The of MMP-1 is composed of five highly twisted β-strands (sI-sV), three α-helix (hA-hC) and a total of eight loops, enclosing a total of five metal ions, three Ca2+ and two Zn2+, one of which with catalytic role. The Catalytic Domain (CAT) of MMP-1 starts with the F100 as the first amino-acid of the N-terminal loop of the CAT domain. This is different from the first published x-ray structure of the CAT domain was showed the truncated form of this domain, where the first 7 amino-acids are not present.

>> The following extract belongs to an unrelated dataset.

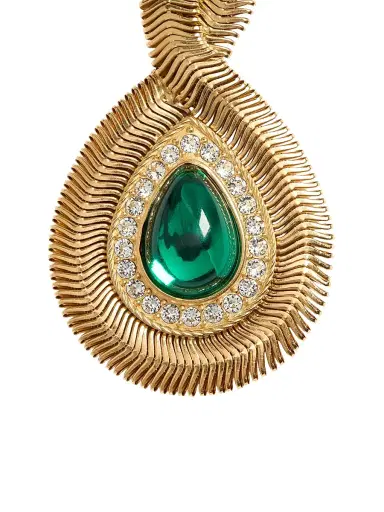 Valentino Garavani Women's Pas Plus Earrings in Metal, Resin, and Swarovski Crystals - Gold Emerald | Thumbnail 5 Valentino Garavani Women's Pas Plus Earrings in Metal, Resin, and Swarovski Crystals - Gold Emerald | Thumbnail 5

After the initial loop, the sequences follows to the first and longest β-sheet (sI). A second loop precedes large "amphipathic α-helix" (hA) that longitudinally spans protein site. The β-strands sII and sIII follows separated by the respective loops, loop 4 behing commonly designated as "short loop" briging sII to sIII. Following the sIII strand the sequence meets the 'S-shaped double loop' that is of primary importance for the peptide structure and catalytic activity (see further) as it extends to the cleft side "bulge", continuing to the only antiparallel β-strand sIV, which is prime importance for binding peptidic substrates or inhibitors by forming main chain Hydrogen bond. Following sIV, loop Gln186-Gly192 and β-strand sV are responsible for contributing with many ligands to the several metal ions present in the protein. A large open loop follows sV which has proven importance in substrate specificity within the MMPs family. A specific region (183)RWTNNFREY(191) as been identified as a critical segment of matrix metalloproteinase 1 for the expression of collagenolytic activity. On C-terminal part of the CAT Domain the hB α-helix, known as the "active-site helix" encompasses part of the "zinc-binding consensus sequence" HEXXHXXGXXH that is characteristic of the Metzincin superfamily. The α-helix hB finishes abruptly at Gly225 where the last loop of the domain starts. This last loop contains the "specificity loop" which is the shortest in the MMPs family. The Catalytic Domain ends at Gly261 with α-helix hC.

Function

Proteins of the matrix metalloproteinase (MMP) family are involved in the breakdown of extracellular matrix in normal physiological processes, such as embryonic development, reproduction, and tissue remodeling, as well as in disease processes, such as arthritis and metastasis. MMP-1, as with most MMP's, is secreted as inactive proproteins which is later activated when cleaved by extracellular proteases.

Medical Implications

Research has shown that MMP-1 may have many health implications. MMP-1 plays an important role in diverse physiologic processes such as development, tissue morphogenesis, and wound repair. MMP-1 plays an important role in the remodeling of collagenous extracellular matrix in various physiologic and pathologic situations. The enzyme is expressed by a wide variety of cell types, including over 30 cell types. MMP-1 gene expression has been shown to be a prognostic factor for local recurrence and metastasis in human chondrosarcoma. MMP-1 gene expression analysis of atypical ductal hyperplastic tissues from patients with and without a history of breast cancer, identifying MMP-1 as a candidate marker that may be useful for identification of breast lesions that can develop into cancer.